Guilford Democrats gather for Obama’s annual message
Loyal Democrats and other Guilford citizens gather for President Obama’s State of the Union address. (photo by Christian Bryant)
A consensus of optimism was on display in Greensboro during a Jan. 22 State of the Union Address watch party hosted by volunteers for Organizing for America (OFA), the grassroots project of the Democratic National Committee. Despite low temperatures and rain, concerned Americans showed to support President Barack Obama and hear his extensive plan for “winning the future.”
More than 30 people piled into the Guilford County Democratic Party Headquarters to share laughs and fellowship, but most importantly to take in President Obama’s address and share thoughts on matters of national and local concern. The setting was very intimate, with onlookers sitting shoulder to shoulder.
The night opened with an outline of the president’s talking points from Democratic political strategist David Plouffe, who served as his chief campaign manager in 2008. Plouffe spoke to listeners via online conference call about Obama’s agenda, namely his goals to tell a story to listeners and to detail his roadmap for success.
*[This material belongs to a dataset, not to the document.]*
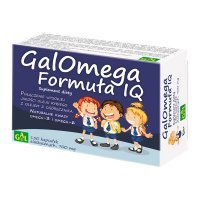 GalOmega Formuła IQ, 150 kapsułek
Plouffe utilized an underdog-styled rhetoric, a contrast from violent political rhetoric some say set the stage for the Tuscon tragedy, to convey his message that bipartisanship is the only way to battle back against “great economic disasters” and resolve issues that have been widely debated. “We can win this fight for the future,” Plouffe said.
The mood became more somber after Plouffe’s speech when watch party attendees gave introductions and reasons for attending; short blurbs about hometowns and party affiliations transformed into murmurs of agreement on issues such as education, healthcare and government reform.
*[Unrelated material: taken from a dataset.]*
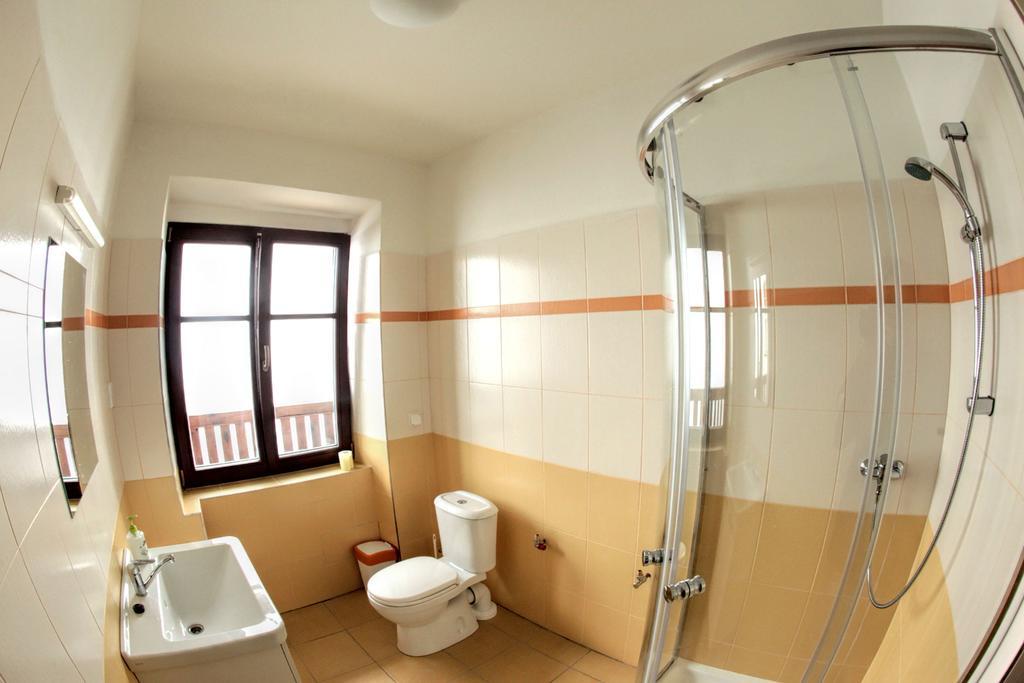 Hostel Singer Pub Ceske Budejovice Cameră foto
“This is the first time in 100 years that [Democrats] do not control state legislature,” one man said.
He went on to encourage others to get involved in local politics, that being a way to support Obama as he works with a Republican-controlled US House.
At about 9:15 p.m., the president took the stage before the 112 th Congress and began his annual address, which was made available through live online streaming.
The audience listened intently as Obama took a moment to emphasize how Americans are interconnected and bipartisanship is the only way to tackle the country’s most pronounced issues. Collective nods were detected as he echoed variations of the phrase “win the future” throughout the evening.
As expected, Obama concentrated mainly on innovation, education and infrastructure rebuilding during his speech. Of the three, education seemed to strike the strongest chord with the engaged viewers.
“I, like a lot of other people, am interested in our students doing well and succeeding,” said Patricia Gray, a music research worker. “What I’m hearing tonight sounds very good to me.”
Obama’s iterations on improving education, international competition and rebuilding America seemed to be in concordance with one another. During one point, he mentioned that China and India are competing and seeing success on an international level because of a greater emphasis on math and science within their educational systems.
The Race to the Top education reform was mentioned in an effort to drive the president’s points on academic excellence. Race to the Top is a multi-billion dollar Department of Education program designed to “improve teacher quality and student achievement,” Obama said. He first announced the reform along with Secretary of Education Arne Duncan in July of 2009.
Many educators in attendance applauded as the president issued a charge to young people contemplating their future endeavors: “If you want to make a difference in the life of a child, become a teacher. Your country needs you.”
Forsyth Tech received recognition for being able to train students for new jobs and careers despite factories moving out of the area. Kathy Proctor, a 55-year-old mother of two and biotechnology student at Forsyth Tech, was one of Obama’s guests for the evening.
Attendees became disgruntled as technical difficulties blurred the audio during what seemed to be Obama’s remarks on immigration reform. Even so, sentiments regarding the prospect of new immigration laws that will allow non-citizens more opportunities to gain US citizenship were positive.
“The DREAM Act is something we need to advance,” said OFA Regional Field Director Kane Miller. “It’s an issue of justice.”
The president concluded with comments about transparency within the government and, the moment that received the longest applause, the exit plan for withdrawing troops from
Most of the people in attendance gave relieved sighs after the speech and expressed feelings of optimism.
“It shows that he has a commitment to do the work of the nation, which is continuing the growth of the economy and really finding a way to rededicating to working across the aisle,” Miller said. “[We must] protect the progress made in the last two years.”
Attendees made several comments regarding Obama’s progress since being in office. Many agreed that continuing to build on the current progress is a priority and necessary to see significant changes.
“The future requires a whole new approach to how we travel, how we do energy and how we treat the environment,” Gray said. “I’m very encouraged that [Obama] understands what those issues are.”